(Beginning of Information)
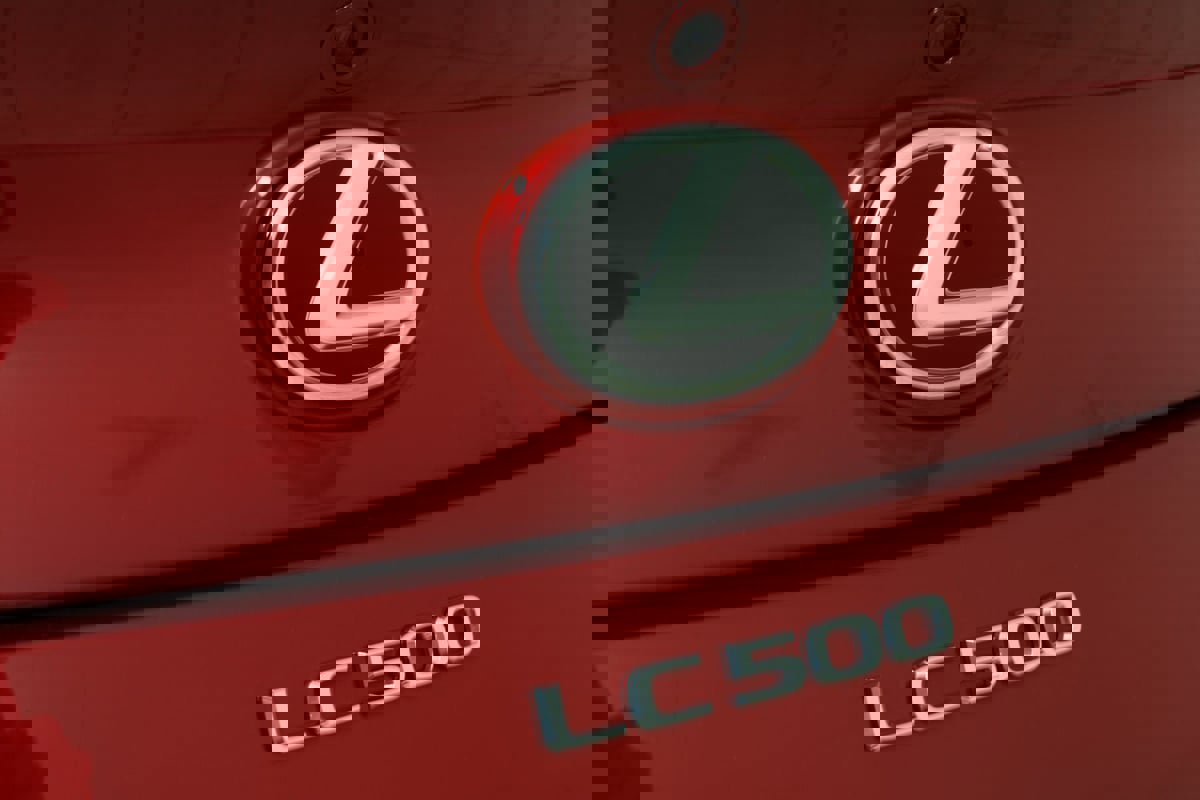 Used 2018 Lexus LC 500 Coupe w/ Performance Package RWD image 15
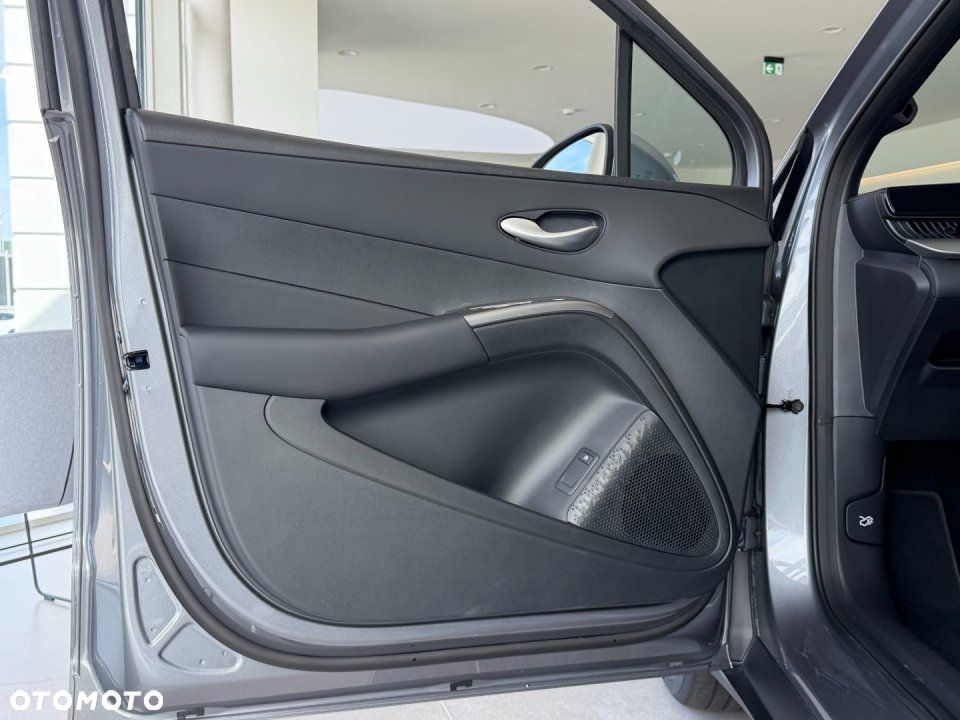 BYD Dolphin G Comfort E-CVT - 10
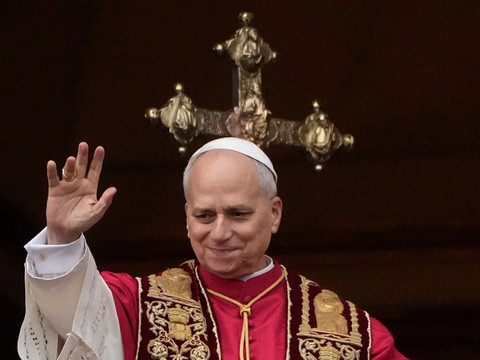 Le pape appelle l'Ukraine et la Russie à dialoguer directement
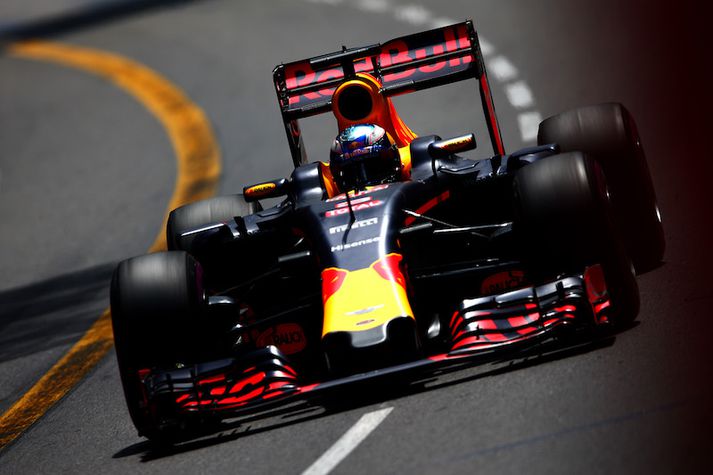 Daniel Ricciardo var fljótastur á æfingum í Mónakó.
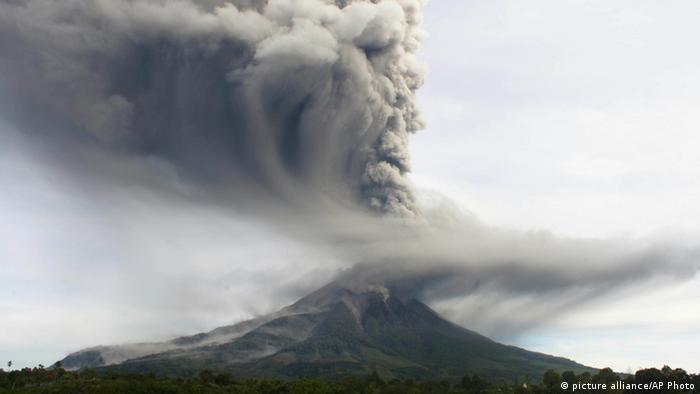 Indonesien Vulkan Sinabung 18.11.2013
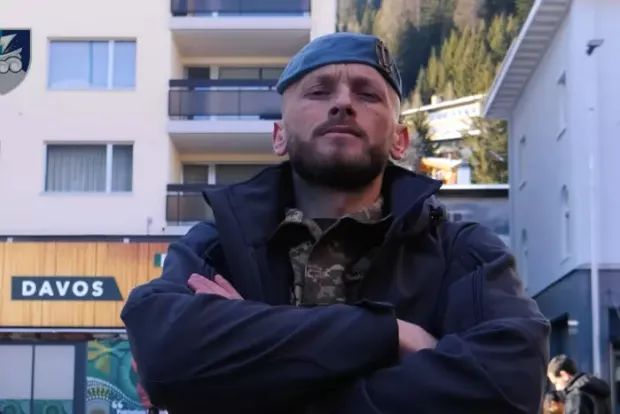 "Будь-який вихід із камери означав жорстокі побої": Морпіх вразив учасників форуму в Давосі розповіддю про жахи російського полону (відео)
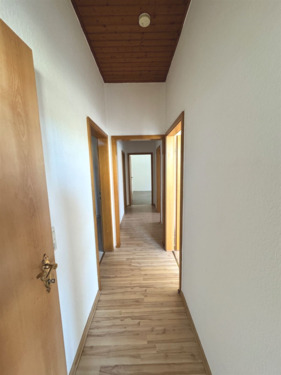 Flur - Etagenwohnung mit 70,00 m² in Borgentreich zur Miete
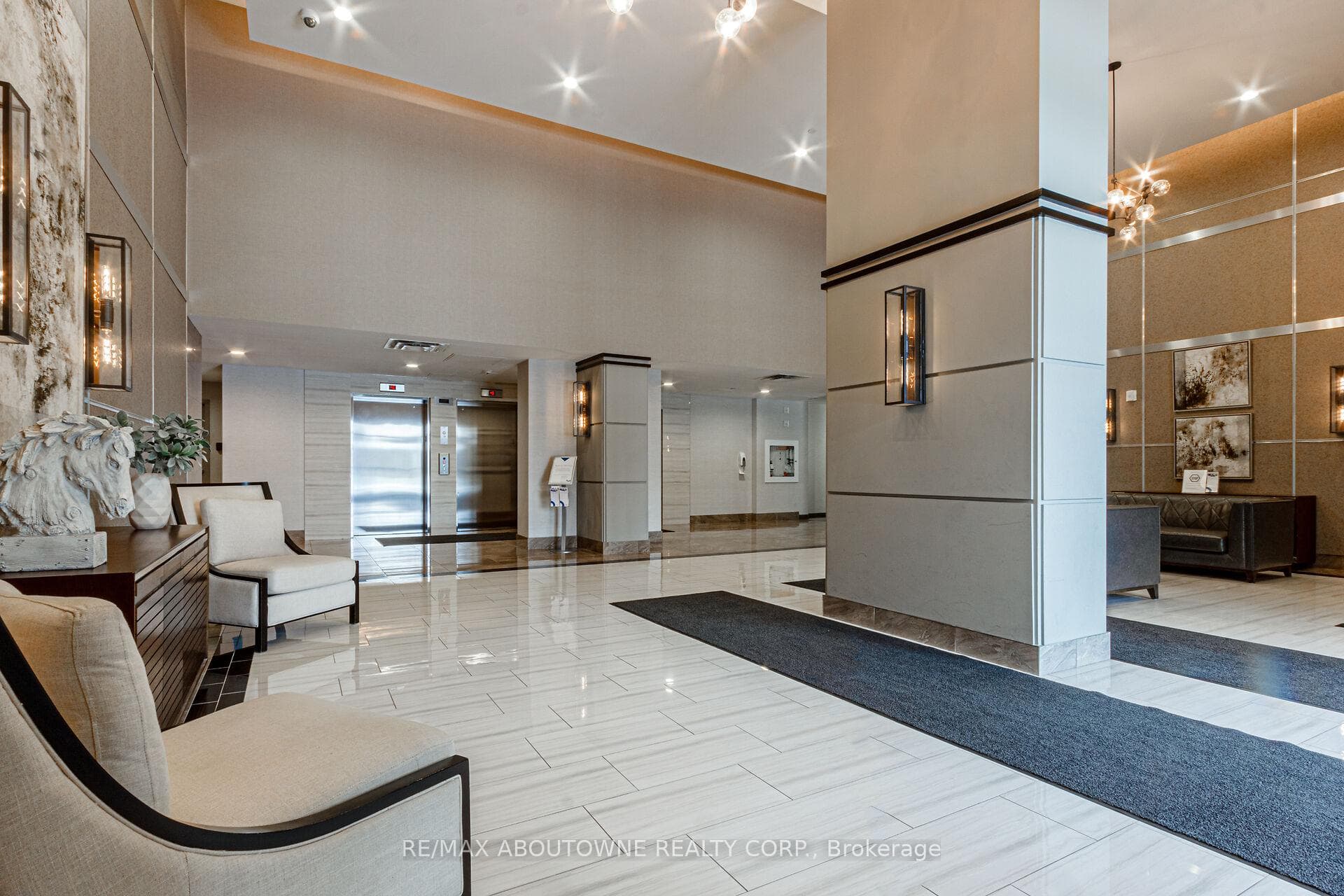 2486 Old Bronte Road Unit 703 photo 30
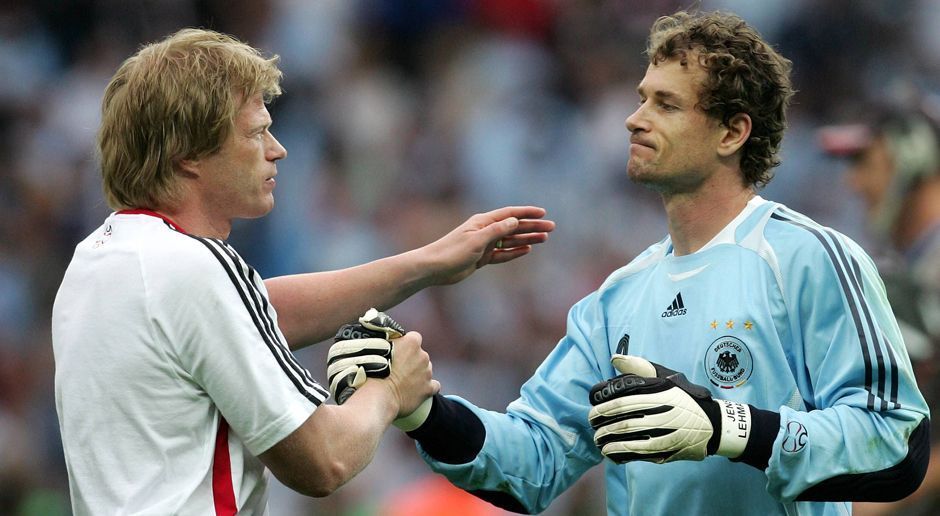 
                <strong>Oliver Kahn vs. Jens Lehmann</strong><br>
                Dass zwei Torhüter so ihr Probleme miteinander haben, kommt häufiger vor. Doch beim Streit zwischen den Alphatieren Oliver Kahn (Bild links) und Jens Lehmann kam noch eine weitere Komponente dazu. Der damals neue Bundestrainer Jürgen Klinsmann forcierte diesen Zweikampf sogar. Titan Kahn war unter Klinsmann seinen Nummer 1-Status ebenso los wie sein Kapitänsamt, Lehmann als Herausforderer in der besseren Position. Das nervte Kahn: "Es ist schon erstaunlich, wie respektlos er zum wiederholten Male mit dieser Konkurrenzsituation umgeht." Lehmann konterte: "Viele Leute wollen die Besten spielen sehen. Ich spiele seit drei, vier Jahren konstant. Das wird sich auszahlen. Ich bin fest davon überzeugt, dass ich spielen werde." Das tat er dann auch bei der WM 2006.
              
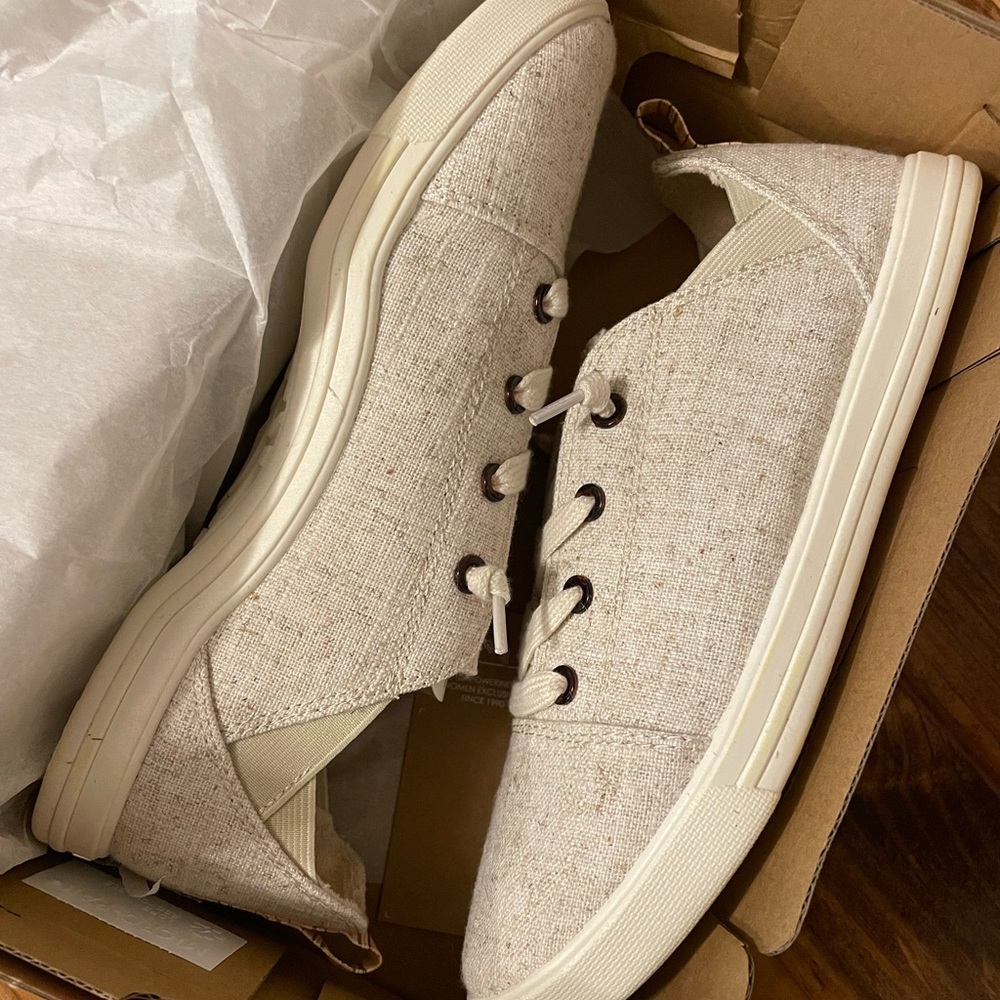 Brand new-Roxy shoes size 8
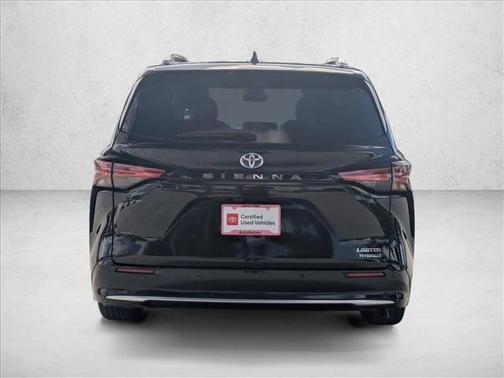 2021 Toyota Sienna Limited 7-Passenger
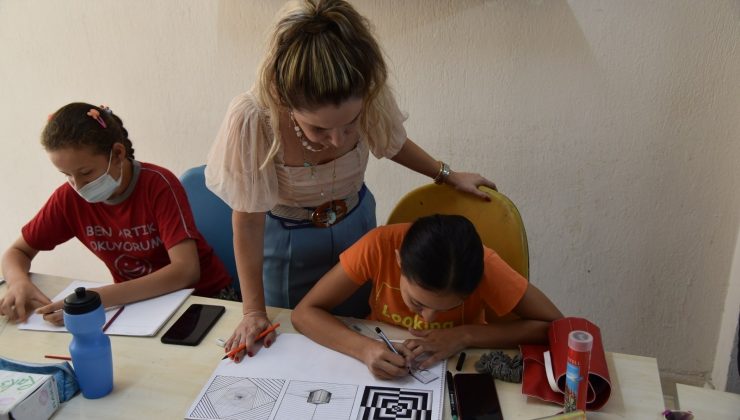 Yunusemre ile resim yeteneklerini geliştiriyorlar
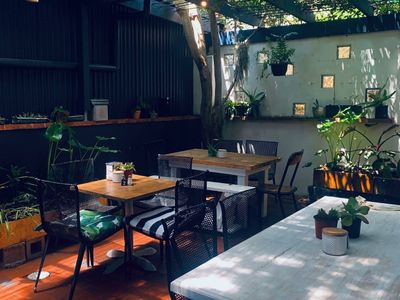 inner-city-caf-233-for-sale-approx-18k-weekly-takings-and-prime-location-5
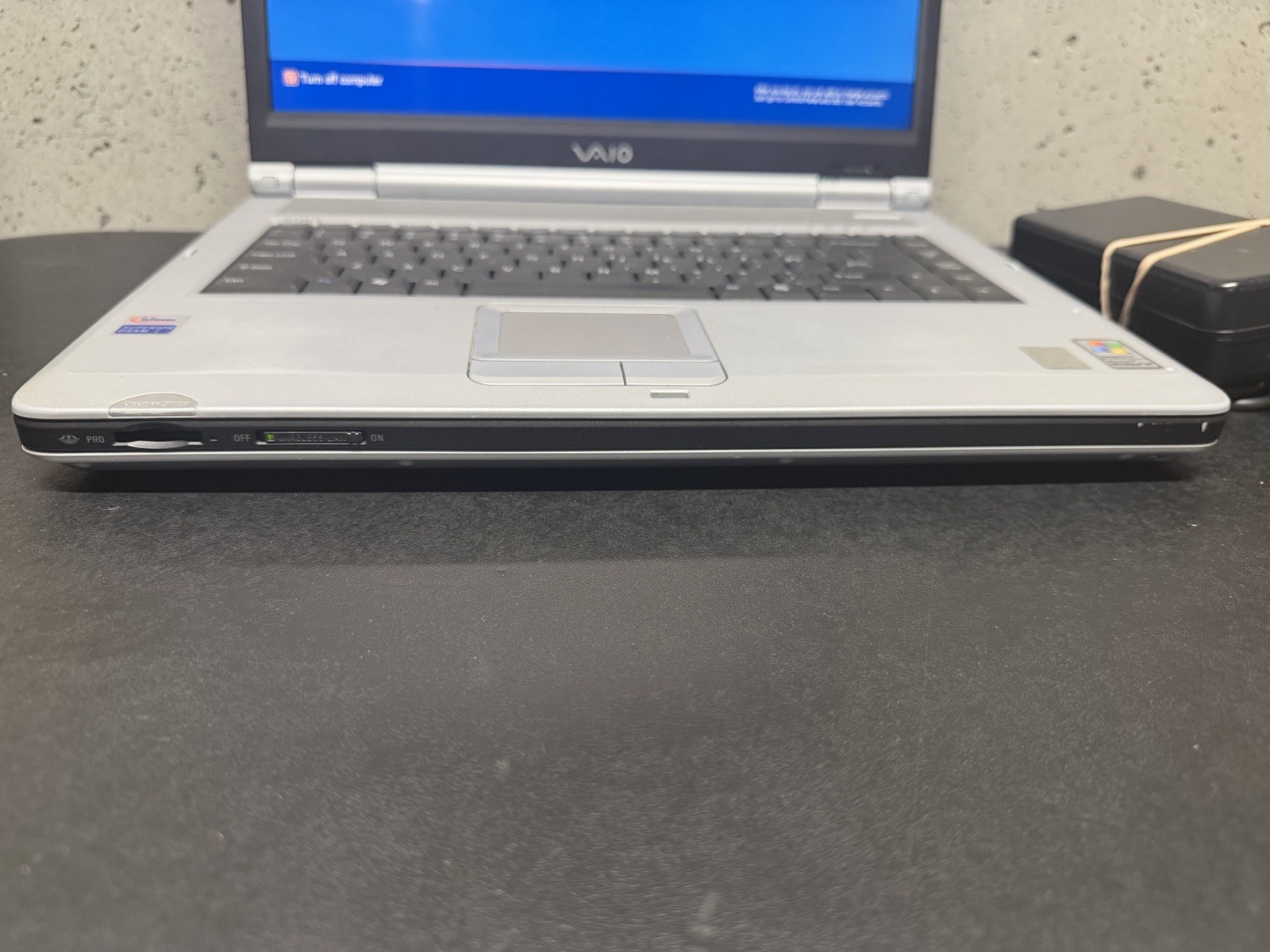 Sony VAIO 15.4” Laptop Intel Pentium 4 3.06GHz 512MB RAM PCG-K33/PCG-9S1L READ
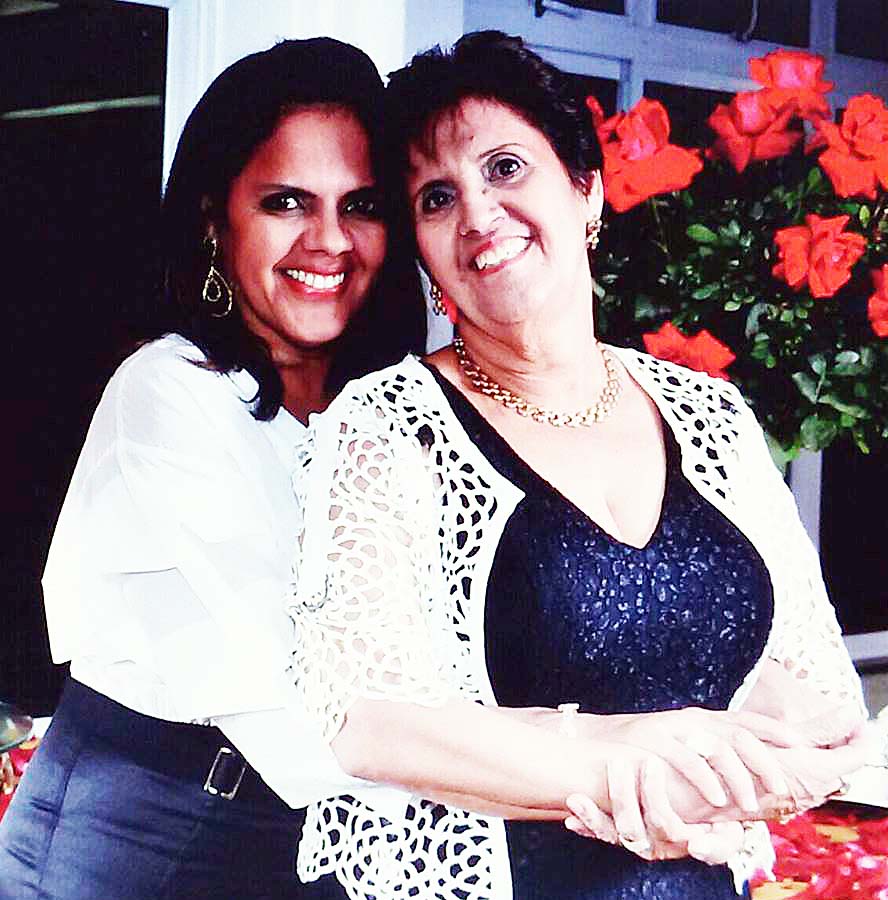 Laura e sua mãe a educadora Raimunda Albuquerque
(End of Information)
Exercise requirements: Nothing but the lines from the beginning of the material above through the line containing "<strong>Oliver Kahn vs." should appear in the answer, copied exactly and free of pictures.

Answer to the exercise:
 Used 2018 Lexus LC 500 Coupe w/ Performance Package RWD image 15
 BYD Dolphin G Comfort E-CVT - 10
 Le pape appelle l'Ukraine et la Russie à dialoguer directement
 Daniel Ricciardo var fljótastur á æfingum í Mónakó.
 Indonesien Vulkan Sinabung 18.11.2013
 "Будь-який вихід із камери означав жорстокі побої": Морпіх вразив учасників форуму в Давосі розповіддю про жахи російського полону (відео)
 Flur - Etagenwohnung mit 70,00 m² in Borgentreich zur Miete
 2486 Old Bronte Road Unit 703 photo 30
                <strong>Oliver Kahn vs. Jens Lehmann</strong><br>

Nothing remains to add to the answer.